FIRESTARTER: persistence through firmware updates
Alongside the advisory, CISA and the UK NCSC released analysis of FIRESTARTER, a Linux ELF backdoor deployed on Cisco Firepower and Secure Firewall devices running ASA or Firepower Threat Defense software. FIRESTARTER exploits CVE-2025-20333 (missing authorization) and/or CVE-2025-20362 (buffer overflow) for initial access, then establishes persistence that survives firmware updates and reboots. The malware hooks into LINA, the device's core network processing engine, enabling arbitrary shell execution including deployment of the LINE VIPER post-exploitation implant.
CISA discovered FIRESTARTER on a US federal agency's Cisco Firepower device during continuous monitoring. The device had been patched in accordance with Emergency Directive 25-03, but the malware persisted. APT actors then used FIRESTARTER to redeploy LINE VIPER in March 2026, months after remediation, without re-exploiting the original vulnerability.
This is the operational reality: patching alone does not equal remediation when firmware implants survive updates.
The indicator extinction problem
Mandiant identified the core defensive challenge: indicator extinction. When threat actors can originate from any of multiple covert networks, each with hundreds of thousands of nodes, static IP blocklists become ineffective. New nodes replace patched devices continuously. The networks are dynamic by design.
So what / Action
For European organisations, this advisory is not abstract. The participating EU intelligence services are telling you that the covert networks are being used against targets in your region. Treat this as direct threat intelligence.
Map and baseline your network edge devices now. Understand what should be connecting to your VPNs and corporate services. Consumer broadband IP ranges connecting to enterprise infrastructure should trigger investigation, not acceptance. Implement allow-lists rather than deny-lists for VPN access where feasible. Deploy dynamic threat feeds that include covert network infrastructure. Enforce MFA on all remote connections.
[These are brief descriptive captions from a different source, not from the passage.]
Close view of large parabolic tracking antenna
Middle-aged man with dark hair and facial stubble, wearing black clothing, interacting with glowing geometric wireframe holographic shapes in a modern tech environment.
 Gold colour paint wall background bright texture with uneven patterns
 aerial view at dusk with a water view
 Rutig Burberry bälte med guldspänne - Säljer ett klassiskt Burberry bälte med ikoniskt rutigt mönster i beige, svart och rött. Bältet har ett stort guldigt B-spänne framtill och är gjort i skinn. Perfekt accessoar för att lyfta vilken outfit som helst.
For larger organisations, profile incoming connections by operating system, time zone, and device characteristics to flag anomalies.
For Cisco ASA/Firepower operators: collect and analyse core dumps using the CISA-provided YARA rules for FIRESTARTER. If you patched for ED 25-03 but did not verify the device was clean, assume persistence may exist. Patching a compromised device does not remove the implant. Hard power cycle and rebuild from known-good images if compromise is confirmed.